Ericsson Sets Lower Sales-Growth Target Over Three Years
Ericsson AB (ERICB), the world’s largest maker of wireless phone networks, set a new mid-term sales- growth target that’s 2 percentage points lower than the current range as telecommunications companies limit spending.
The company has a target of 2 percent to 8 percent compound annual sales growth through 2014 compared with 2011, Stockholm- based Ericsson said in the executive-stock plan published in the agenda for its May 3 annual shareholders meeting. Last year’s target was 4 percent to 10 percent growth through 2013.
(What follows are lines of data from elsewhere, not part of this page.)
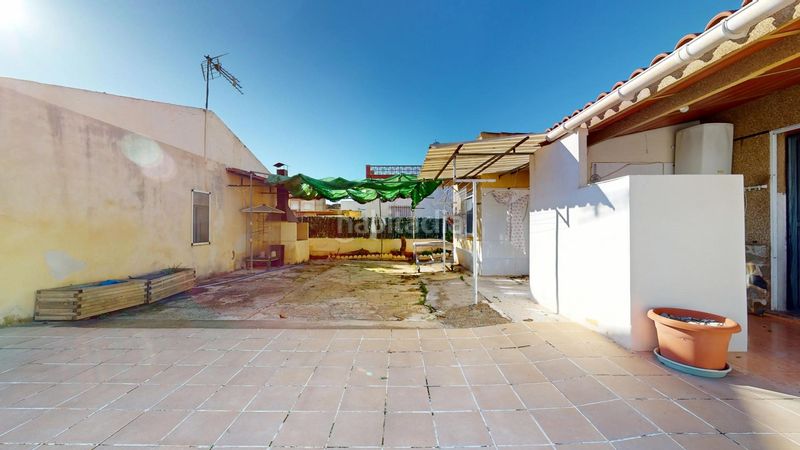 Foto 790b2bf6-6ca6-4180-967a-f698742eb866. Casa fantástica planta baja independiente con piscina privada en parcela de 470 m2 en bahía bella alcázares en Cartagena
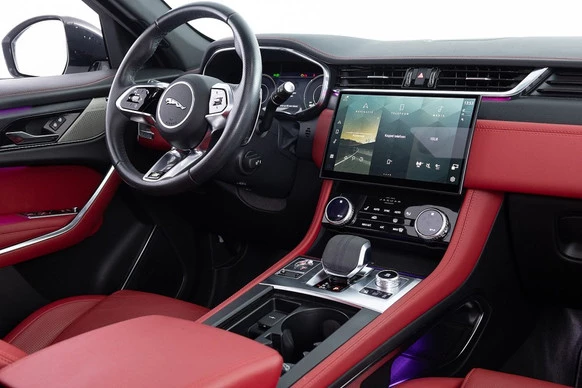 Jaguar F-PACE - Afbeelding 3 van 30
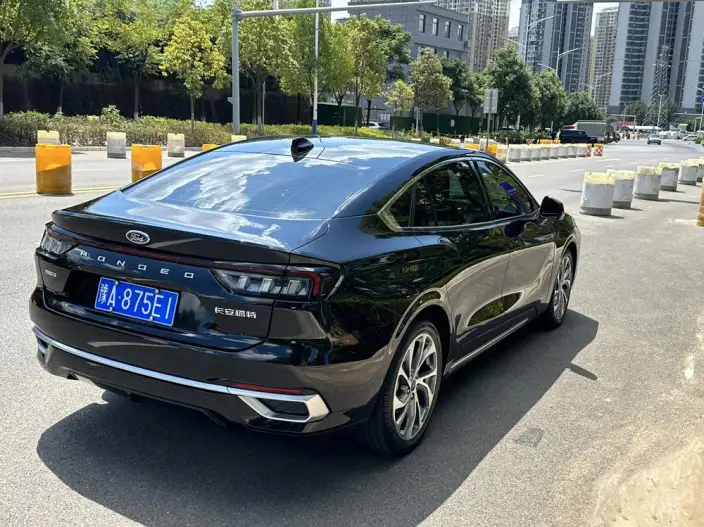 Ford Mondeo 2022 Model EcoBoost 245 Supreme Model – фото 5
Ericsson’s revenue increased 12 percent last year to 227 billion kronor ($33.6 billion), buoyed by mobile operators’ broadband investments to cope with the exploding number of smartphone users. This year’s growth may slow to 4 percent, according to the average of 32 analyst estimates compiled by Bloomberg. Operators will hold back on spending in the short term, Chief Executive Officer Hans Vestberg said in January.
“Last year, growth was strong so it is probably unreasonable to expect the company to maintain its three-year growth target,” said Mats Nystroem, a Stockholm-based analyst at SEB Enskilda. “This year is more challenging, and we can’t rule out that the future beyond 2012 could also be slightly negative.”
Ericsson declined 1.8 percent to 66.35 kronor as of 3:11 p.m. in Stockholm. The company retained a target of 5 percent to 15 percent growth in operating profit and a plan for cash conversion of at least 70 percent annually.
Equipment Market Contracts
The market for radio base stations and related equipment contracted 8 percent in the fourth quarter of 2011 after growing in the first nine months to produce a 15 percent expansion rate for the year, said Stefan Pongratz, an analyst at Dell’Oro Group.
“While there are signs that operators in various regions slowed down investments, the product mix played a significant role in the fourth quarter,” Pongratz said by e-mail.
North American carriers spent less on older mobile broadband networks using the CDMA standard as they shifted to newer so-called fourth-generation networks, Ericsson said in January.
Ericsson’s share of radio equipment increased to 37.9 percent from 33.5 percent in 2010, Pongratz said. Huawei Technologies Co. was the second-largest vendor with a 20.8 percent market share, followed by Nokia Siemens Networks at 19.1 percent.